2015 saw Rally Portugal return to its spiritual home in the north of the country for the first time in 14 years. With two year’s worth of experience under their belts, most crews should feel fully familiarised with their surroundings on a route that remains largely unchanged from 2016. Sunday does feature a refreshed itinerary with runs through Luílhas and Montim in the afternoon before crews tackle the legendary crowd-pleasing power stage at Fafe. Here, hordes of spectators gather on the hillside around the famous gravity-defying jump for some the best high-octane, high-altitude thrills anywhere in the WRC universe.
Tied for the lead after Thursday night’s showpiece opener at the packed Lousada rallycross circuit, Hyundai’s Thierry Neuville and M-Sport-backed Mads Østberg resumed hostilities on Friday Morning. It proved to be a roller-coaster ride of a day, with the rally lead changing hands no less than four times on the bone-dry, rocky gravel roads near the Spanish border. Back on his favoured surface and enjoying a beneficially low position in the running order, Kiwi pilot Haydon Paddon set the inaugural fastest time of the day in his Hyundai i20 WRC. After a brief set-up tweak at midday service, a second fastest time followed on stage 5. However, the Hyundai star’s auspicious start came to a jarring halt when, on stage 7, his Hyundai i20 WRC suffered a crippling electrical fault that left Paddon and new co-driver Scott Marshall side-lined for an excruciating eleven minutes.

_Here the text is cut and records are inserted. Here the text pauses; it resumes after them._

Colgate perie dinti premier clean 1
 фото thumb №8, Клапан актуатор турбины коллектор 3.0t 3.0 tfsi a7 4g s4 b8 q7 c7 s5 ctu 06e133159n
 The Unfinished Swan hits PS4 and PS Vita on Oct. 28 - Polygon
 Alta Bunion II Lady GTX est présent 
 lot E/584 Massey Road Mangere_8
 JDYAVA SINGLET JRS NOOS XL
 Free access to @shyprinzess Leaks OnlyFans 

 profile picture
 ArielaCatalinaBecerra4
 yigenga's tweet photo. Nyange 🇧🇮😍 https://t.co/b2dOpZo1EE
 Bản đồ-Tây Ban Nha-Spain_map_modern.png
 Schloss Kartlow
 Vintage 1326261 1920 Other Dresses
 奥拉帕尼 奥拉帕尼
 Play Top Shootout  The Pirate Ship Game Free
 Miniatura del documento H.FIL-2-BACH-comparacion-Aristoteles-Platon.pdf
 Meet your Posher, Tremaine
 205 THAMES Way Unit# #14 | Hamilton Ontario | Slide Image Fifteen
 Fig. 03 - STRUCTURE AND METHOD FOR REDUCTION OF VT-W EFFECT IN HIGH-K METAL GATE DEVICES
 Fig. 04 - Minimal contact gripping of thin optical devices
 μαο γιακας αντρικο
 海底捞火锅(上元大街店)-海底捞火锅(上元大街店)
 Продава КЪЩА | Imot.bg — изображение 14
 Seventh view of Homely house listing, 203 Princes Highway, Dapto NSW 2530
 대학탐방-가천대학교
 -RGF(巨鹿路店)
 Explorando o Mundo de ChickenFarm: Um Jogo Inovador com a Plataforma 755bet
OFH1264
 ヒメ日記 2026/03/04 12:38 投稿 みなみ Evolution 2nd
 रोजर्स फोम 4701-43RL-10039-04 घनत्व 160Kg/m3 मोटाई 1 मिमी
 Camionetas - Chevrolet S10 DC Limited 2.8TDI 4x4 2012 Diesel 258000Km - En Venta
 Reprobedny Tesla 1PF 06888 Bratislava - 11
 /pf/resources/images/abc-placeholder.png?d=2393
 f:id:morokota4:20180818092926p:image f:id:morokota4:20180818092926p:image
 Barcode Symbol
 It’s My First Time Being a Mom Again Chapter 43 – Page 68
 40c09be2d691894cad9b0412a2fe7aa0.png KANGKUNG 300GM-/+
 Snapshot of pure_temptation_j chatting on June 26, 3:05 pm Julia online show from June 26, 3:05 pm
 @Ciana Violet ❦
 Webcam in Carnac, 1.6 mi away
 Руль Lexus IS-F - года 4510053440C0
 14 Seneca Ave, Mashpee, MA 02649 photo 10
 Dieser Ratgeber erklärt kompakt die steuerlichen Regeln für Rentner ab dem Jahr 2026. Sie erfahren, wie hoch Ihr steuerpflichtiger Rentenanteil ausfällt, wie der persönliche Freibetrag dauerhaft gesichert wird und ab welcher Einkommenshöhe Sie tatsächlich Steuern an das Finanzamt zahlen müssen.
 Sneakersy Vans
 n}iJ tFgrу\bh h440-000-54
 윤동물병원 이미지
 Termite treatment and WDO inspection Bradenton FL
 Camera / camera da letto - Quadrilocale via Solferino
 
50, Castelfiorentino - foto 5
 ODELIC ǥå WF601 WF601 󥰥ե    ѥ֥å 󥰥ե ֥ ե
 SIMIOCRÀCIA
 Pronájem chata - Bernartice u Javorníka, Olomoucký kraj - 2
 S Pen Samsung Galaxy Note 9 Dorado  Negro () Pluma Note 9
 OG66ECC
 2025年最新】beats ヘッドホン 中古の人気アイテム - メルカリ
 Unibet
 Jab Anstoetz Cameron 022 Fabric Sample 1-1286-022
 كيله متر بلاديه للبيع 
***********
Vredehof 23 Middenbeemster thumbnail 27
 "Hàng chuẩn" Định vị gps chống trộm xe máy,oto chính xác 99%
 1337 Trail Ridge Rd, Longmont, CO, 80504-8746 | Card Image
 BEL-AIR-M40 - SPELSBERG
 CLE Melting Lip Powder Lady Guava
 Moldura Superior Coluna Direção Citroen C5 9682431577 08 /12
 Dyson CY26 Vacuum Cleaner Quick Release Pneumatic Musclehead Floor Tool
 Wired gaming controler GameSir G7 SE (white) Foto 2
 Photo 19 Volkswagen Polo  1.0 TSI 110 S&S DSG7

The New Zealander wasn’t the only man to let things slip from a leading position on Friday’s stages. Both Kris Meeke and Jari-Matti Latvala help top spot over the afternoon in what was an intense and finely poised multi-driver skirmish. Second on stage 2 followed by a fastest time on stage 3 catapulted the Scandinavian to the front of the pack, albeit by an extremely fine margin. Unfortunately for the Toyota pilot, disaster struck just a few kilometres from where Paddon had stopped on the day’s final long-distance test. Latvala’s sent his Yaris flying into a barrel roll on a particularly rough section, losing a total of five minutes as the car floundered on its roof. The carnage-stricken repeat run through Ponte de Lima also claimed the scalp of one-time leader Kris Meeke. A string of top three times had seen the Ulsterman sneak ahead of Paddon and Latvala but that brief charge was halted when his Citroën C3 suffered major suspension damage after a collision with the scenery.
Of those who successfully negotiated the barren but deadly landscape in one piece, Ott Tänak ended the first full day of action top of the pile in his M-Sport Fiesta. Nevertheless, a slim 4.6sec gap was all that separated the Estonian from Hyundai’s Dani Sordo in second and championship leader Sébastien Ogier just four-tenths further back in third. While Ogier ploughed doggedly through the loose gravel as road-opener, Sordo seemed not to pose any immediate threat to the leaders. That was until the carnage which unfolded ahead of him on stage seven saw the Spaniard hop from seventh to second in one foul swoop.
Thierry Neuville ended the day 11.1sec off the lead in fourth, not a disastrous result for the newly crowned rally Argentina champion in the highly testing circumstances. Citroën number two Craig Breen was 1.8sec behind in fifth with Elfyn Evans, fresh from his heroics in South America, 5.4sec adrift of the Irishman.
Toyota test driver Esapekka Lappi didn’t look at all out of place on his full WRC debut in eighth, just shy of full-time Yaris pilot Juha Hänninen. Meanwhile, Mads Østberg’s Thursday night promise faded quickly after he shed almost 3min 30secs with a puncture on his Ford Fiesta.
Saturday would also end with an M-Sport Fiesta in the driving seat of this most unpredictable of rallies, but not that of overnight leader Tänak. After an intriguing dual with a rejuvenated Sébastien Ogier, during the course of which the Estonian had initially stretched his advantage to 6.3secs, Tänak rammed his car into a bank on stage 12. Robbed of his stability and rhythm, the man who continues to hunt for a maiden WRC victory quickly became cannon fodder for his four-time world champion teammate. The charging Ogier had already overhauled Sordo on stage 11 and made equally short work of the limping Tänak to end the penultimate leg 16.8sec clear at the top of the leaderboard. The seventh different rally leader in two days had only the consistent but unspectacular Thierry Neuville to ruffle his unflappable feathers throughout the latter part of the day. The Belgian pushed hard on Saturday’s final stage to reduce the arrears from 23.0secs, thereby applying at least a modicum of pressure on Ogier.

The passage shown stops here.